I’ve written this post before, but things have changed since the 7.04 Feisty Fawn release, so it’s worth an update. In recent releases of Ubuntu the Gnome Control Center has made it easy to simply click away the unneeded caps lock key, turning it into whatever you want. I wanted to try KDE 4.2 a few days ago and found no way to turn off the caps lock key. From my previous post, I knew that it’s easy to add a line to the xorg.confwhich will turn the caps lock into another control, but when I opened the file on my Ubuntu 8.10 machine, I was surprised to find very little in it:

Section "Files"
EndSection

Section "Module" Load "glx" EndSection

Section "Monitor" Identifier "Configured Monitor" EndSection

Section "Device" Identifier "Configured Video Device" Driver "fglrx" EndSection

Section "Screen" Identifier "Default Screen" Device "Configured Video Device" Monitor "Configured Monitor" DefaultDepth 24 SubSection "Display" Virtual 1680 1050 EndSubSection EndSection

If you come from a long line of Linux use, this is a very odd X config indeed since it lists no input devices, but such is the magic of HAL which takes care of all that for you.
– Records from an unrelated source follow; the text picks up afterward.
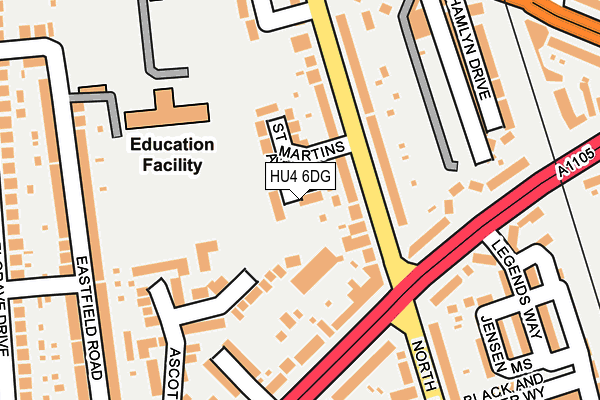 HU4 6DG map - OS OpenMap – Local (Ordnance Survey)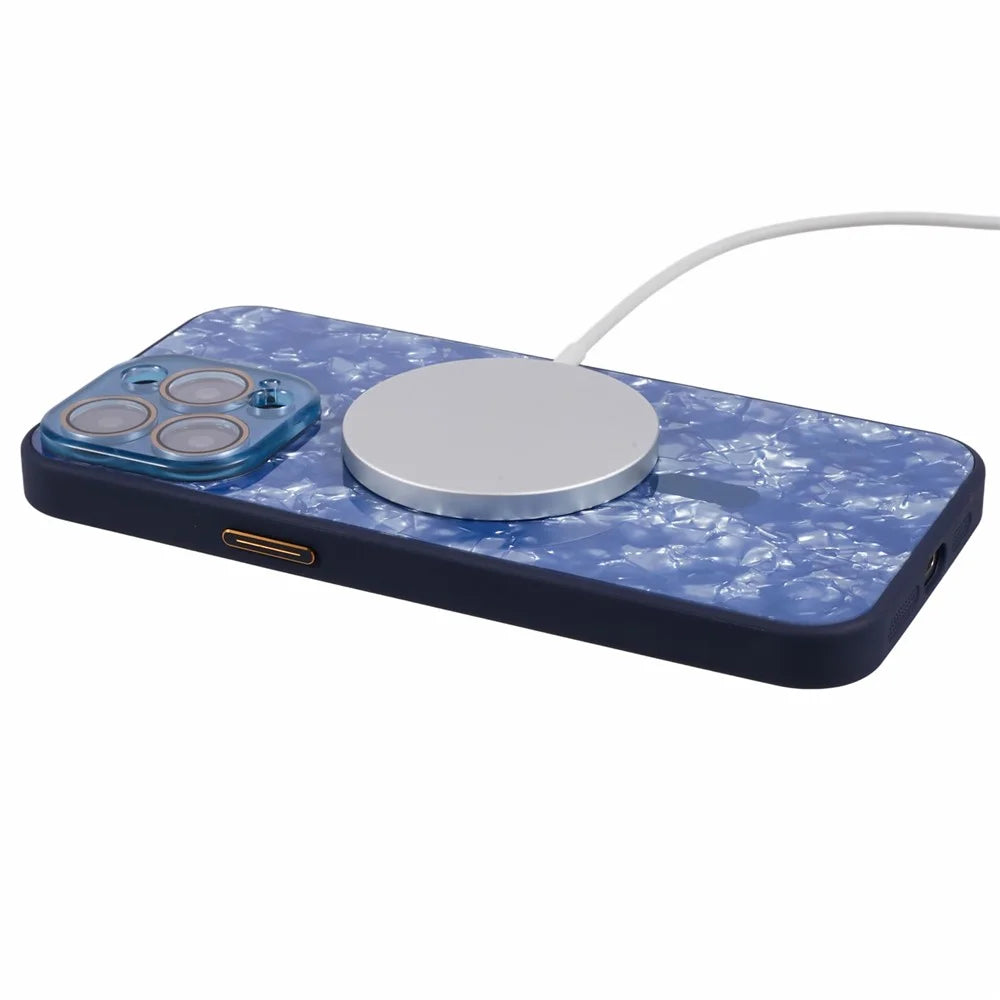 YUX Series For 	iPhone 12 Pro 6.1 inch Cell Phone Cases Cracked Ice Pattern Scratch-proof Shell Compatible with MagSafe - Blue - 4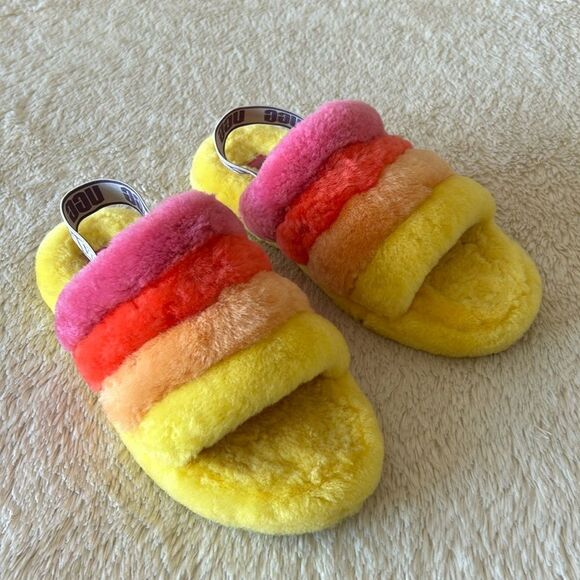 UGG Fluff  Yea slide yellow pink orange size 6 - Picture 15 of 16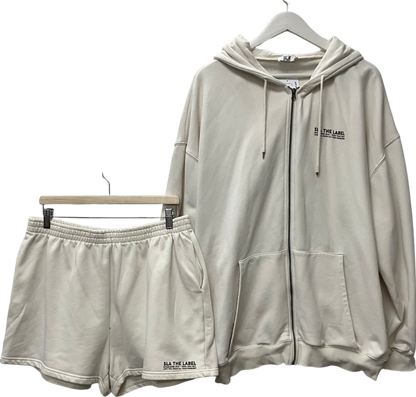 SLA the label Cream Zip Up Hoodie & Jogger Shorts UK XL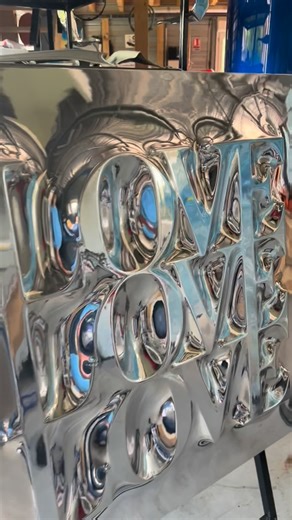 Cedric ACERES on Instagram: ". « 𝐿𝑜𝑣𝑒 » Part of my « words » series, mirror silvering on fiberglass, 39 x 39 x 4 inch, 100 x 100 x 10 cm, © ᴄ. ᴀᴄᴇʀᴇꜱ ... Like the first tags in prehistoric caves, during my adolescence I expressed my emotions on the walls by making tags too. This series is a continuation of all this, writing wishes, antidotes to the harshness of life... #beautywillsavetheworld #love #pop #art #cedricaceres"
The option to turn you caps-lock key into a control is set in the keyboard’s InputDevice section. The above-listed stock Ubuntu 8.10 xorg config doesn’t have an InputDevice section, nor does it have the associated ServerLayout block. The following can be appended to your /etc/X11/xorg.conf:

Section "InputDevice"
    Identifier  "keyboard"
    Driver      "keyboard"
    Option      "CoreKeyboard"
    Option      "XkbOptions"    "ctrl:nocaps"
EndSection

Section "ServerLayout"
    Identifier  "Default Layout"
    Screen      "Default Screen"
    InputDevice "keyboard"
EndSection

With that, you will now have a caps lock key no matter what window manager or desktop system you use. I love the caps lock as a control because I use vi extensively and make use of ^f & ^b, which move up and down pages, and ^e & ^y that move the buffer’s view up and down without moving the cursor. I’m sure emacs users will appreciate this change as well, since they use control alongside 6 or 7 other keys whenever they want to do something.